EXERCISE DIRECTIONS
Without including any images, reproduce each entry exactly.

TASK DATA
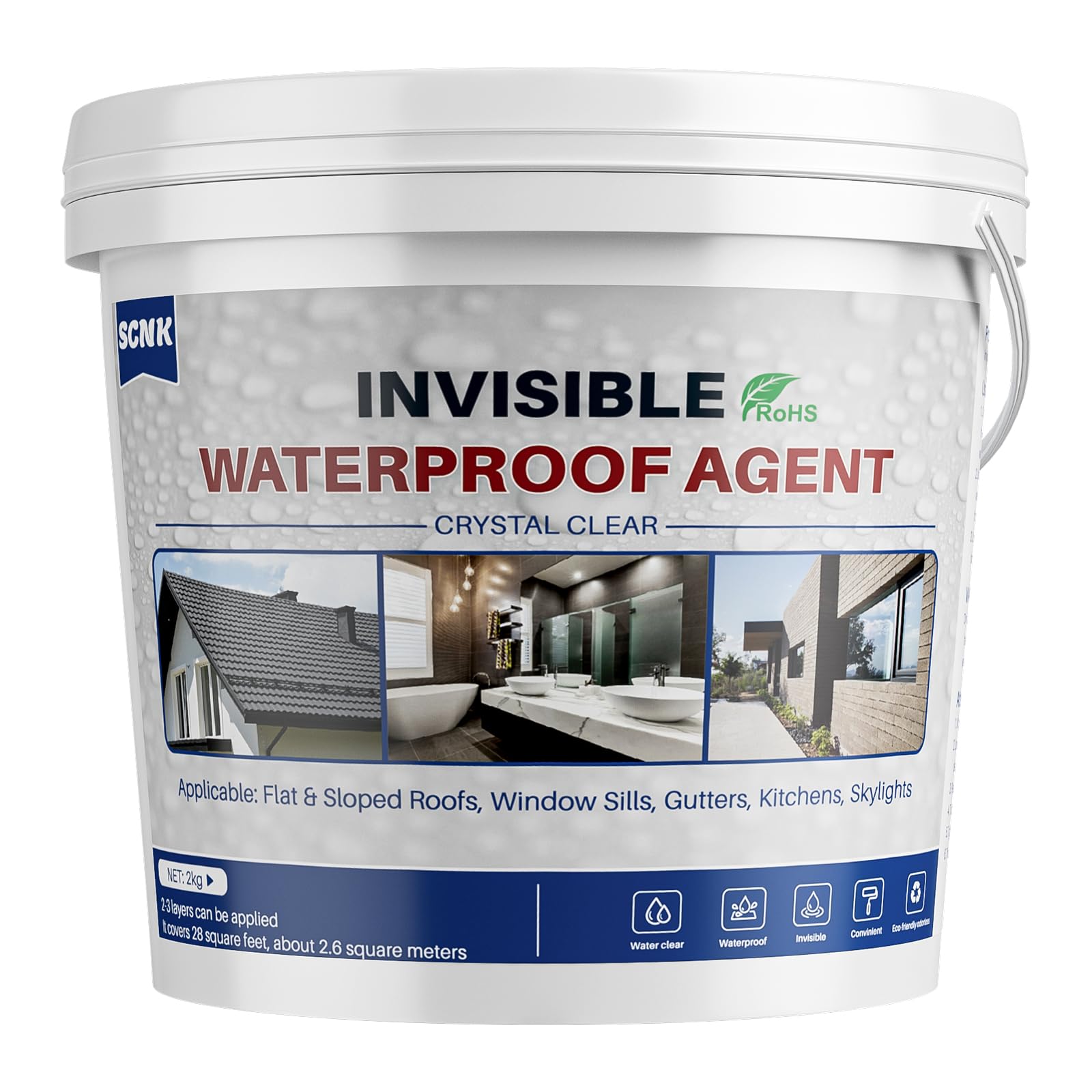 SCNK 2000g Transparent Waterproof Coating Agent, Clear Waterproof Sealant Repair Leak for Roof, Bathroom, Indoor and Outdoor Water Proof Coating Sealant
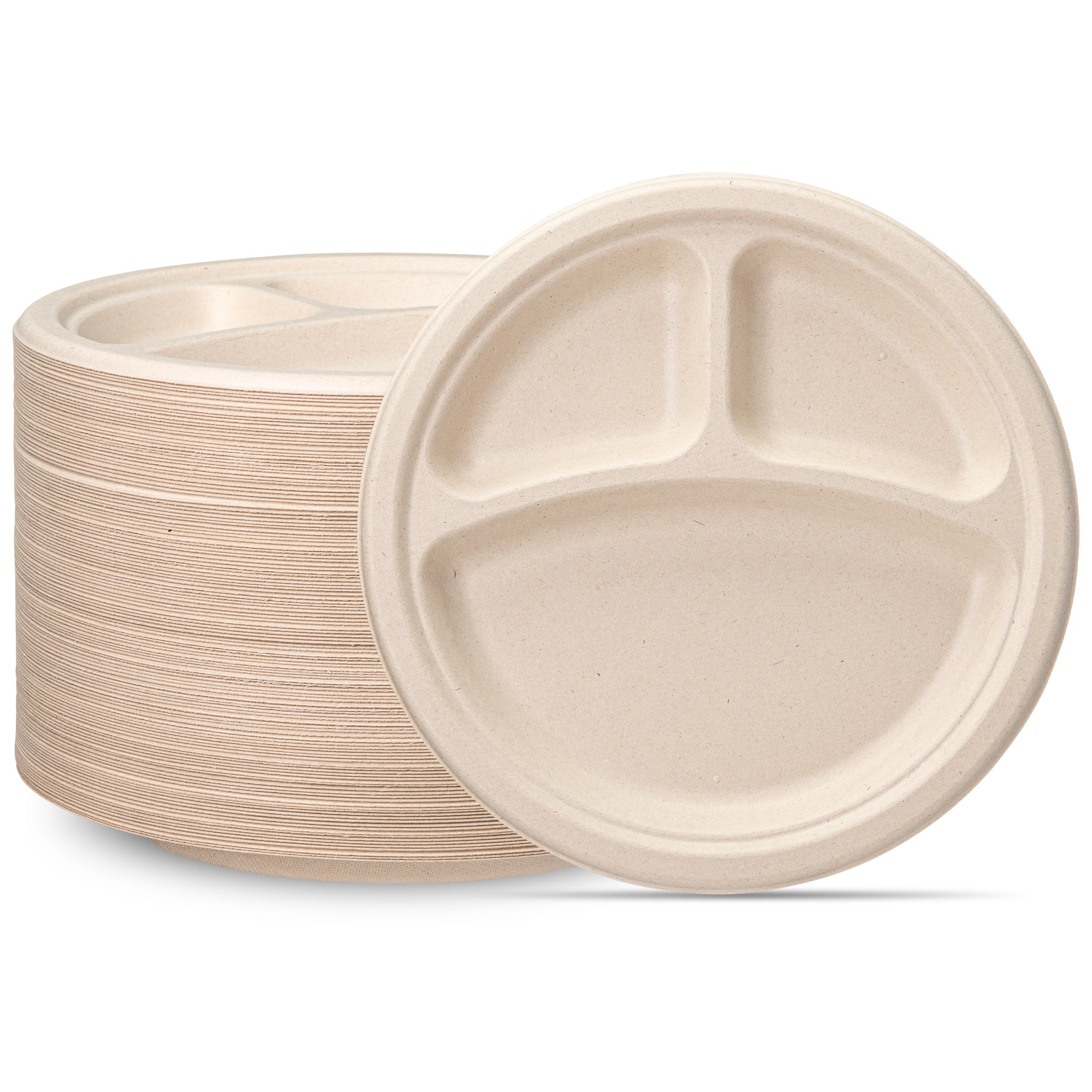 9 Inch Heavy-Duty Plates 3 Compartment 100% Compostable Eco-Friendly Disposable Sugarcane Paper Plates | Brown Unbleached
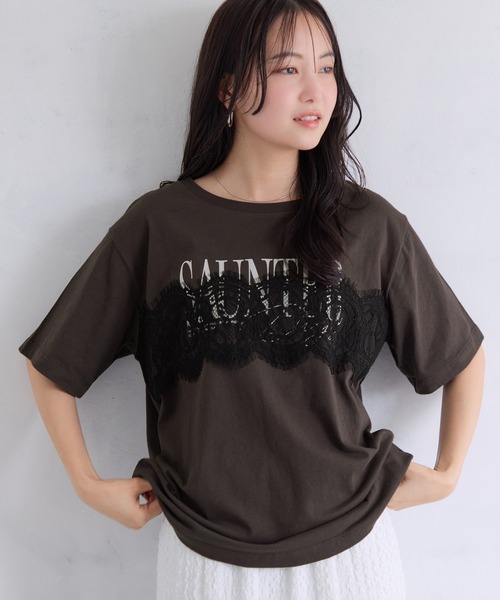 VIS（ビス）の「レースレイヤードロゴ半袖Tシャツ（Tシャツ/カットソー・レディース・ダークブラウン/サックスブルー/ホワイト・FREE）」の12枚目の写真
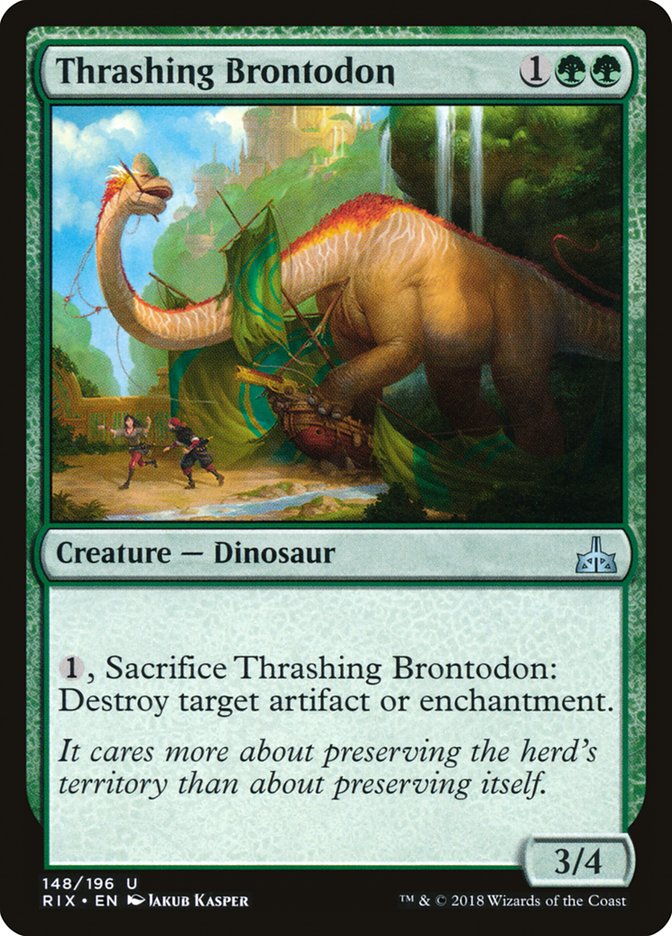Thrashing Brontodon [Rivals of Ixalan] | Cards and Coasters CA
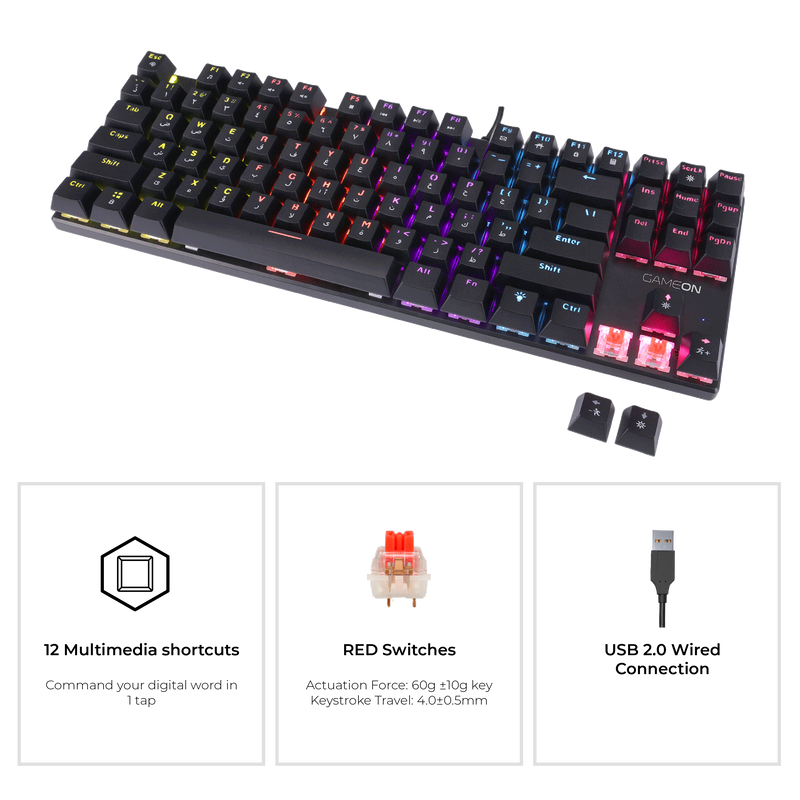 Side angle of GAMEON KENORA GOMK87-RS Mechanical Keyboard – slim profile with red switches, RGB backlight, USB 2.0 connection, and 12 multimedia keys.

WRITTEN RESPONSE
 SCNK 2000g Transparent Waterproof Coating Agent, Clear Waterproof Sealant Repair Leak for Roof, Bathroom, Indoor and Outdoor Water Proof Coating Sealant
 9 Inch Heavy-Duty Plates 3 Compartment 100% Compostable Eco-Friendly Disposable Sugarcane Paper Plates | Brown Unbleached
 VIS（ビス）の「レースレイヤードロゴ半袖Tシャツ（Tシャツ/カットソー・レディース・ダークブラウン/サックスブルー/ホワイト・FREE）」の12枚目の写真
Thrashing Brontodon [Rivals of Ixalan] | Cards and Coasters CA
 Side angle of GAMEON KENORA GOMK87-RS Mechanical Keyboard – slim profile with red switches, RGB backlight, USB 2.0 connection, and 12 multimedia keys.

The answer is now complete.